ONCE MORE IN THE BOSOM OF HER FAMILY

Anna Mary was little more than sixteen years of age when it was considered time for her to leave school and return home.

Towards the end of March, 1763, she returned to Arezzo, lovingly welcomed by her parents and awaited by the old family retainers, who hadn't seen her since she had first left home. She was then a beautiful child, full of spirit and gaiety, but she showed, even then, a lively faith, a desire of good­ness and a hidden love of sacrifice, a perfect cult for truth and straight dealing that seemed to pre­dict great things for her character in the future.

Now she was back among them with the same simplicity and overflowing kindness as before.

After the first few days, Anna Mary returned to her natural calm, and it was apparent to all that her education had succeeded in bringing her to a high state of perfection. She had become so humble and charitable that not only had she every regard for the servants, but assisted them in all their daily work, however much they tried to prevent her. She listened to all their troubles and consoled them, entering into all their affairs with that true Chris­tian charity that levels all ranks.

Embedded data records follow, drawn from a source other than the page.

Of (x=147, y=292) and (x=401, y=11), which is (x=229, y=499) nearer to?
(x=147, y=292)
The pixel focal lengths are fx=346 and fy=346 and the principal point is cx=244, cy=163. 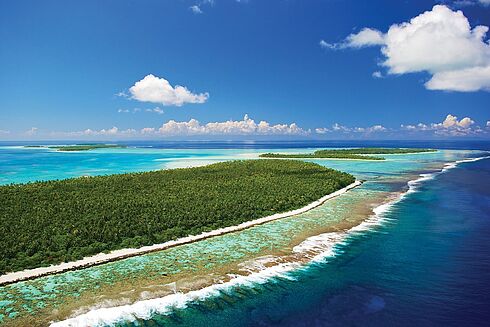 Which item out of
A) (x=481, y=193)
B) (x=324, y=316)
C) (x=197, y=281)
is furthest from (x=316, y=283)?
(x=481, y=193)

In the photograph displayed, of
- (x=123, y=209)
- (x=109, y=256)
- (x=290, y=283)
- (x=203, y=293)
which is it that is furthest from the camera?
(x=123, y=209)

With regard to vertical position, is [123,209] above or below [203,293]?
above

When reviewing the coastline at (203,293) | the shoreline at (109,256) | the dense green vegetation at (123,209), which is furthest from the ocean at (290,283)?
the dense green vegetation at (123,209)

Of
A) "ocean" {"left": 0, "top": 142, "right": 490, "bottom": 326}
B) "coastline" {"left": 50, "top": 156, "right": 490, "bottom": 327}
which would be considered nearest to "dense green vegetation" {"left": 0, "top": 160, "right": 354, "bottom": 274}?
"ocean" {"left": 0, "top": 142, "right": 490, "bottom": 326}

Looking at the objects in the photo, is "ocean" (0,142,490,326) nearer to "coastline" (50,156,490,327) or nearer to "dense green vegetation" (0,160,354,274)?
"coastline" (50,156,490,327)

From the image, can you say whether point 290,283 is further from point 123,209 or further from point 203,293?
point 123,209

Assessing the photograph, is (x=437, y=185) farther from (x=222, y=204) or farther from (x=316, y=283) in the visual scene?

With regard to her father, she most delicately and tactfully tried to spare him any extra expense on her behalf. While at school, she had received a present of money from her father. She now returned the sum intact and implored him to take it from her. While showing her his pleasure and love over such a generous offer, he nevertheless refused to accept it. She then gave it all away in charity. Every week she frequented the Sacraments in the church of the Jesuit Fathers. While there, she invariably knelt upright on the cold marble floor with no support, and was so absorbed in prayer and so full of reverence that she resembled an angel.

Quite alien to the things of this world, she ab­horred pomp and luxury and fashionable clothes because of the purity of her soul; she loved cleanli­ness, decency and neatness.

She was quite inaccessible to the temptations of vanity, and on occasions would use it rather as a means of mortification. Content with everything, she received unquestioningly the clothes they gave her to wear, provided they conformed with her ideas of modesty and plainness. She wore them without any alterations. If a button or a hook caused her any discomfort she never complained and would wear the garment just the same.

Every morning the hairdresser came to attend to her hair, but she never raised her eyes to the mirror to see the effect of his labors, and if asked to do so she would reply: "It is immaterial. It is well, thank you".

The marvels of nature, however, always interested her; they were to her like a shining prism that reflected the love of God. The purer a soul is, the easier it communicates with the Creator through the creature.

Anna Mary loved flowers, plants, glowing sunsets, the pale dawns, the calm and the fury of the elements, the birds and even the insects, because she used to say that even these proletarians of the animal world taught her to love and to correspond to the love of God.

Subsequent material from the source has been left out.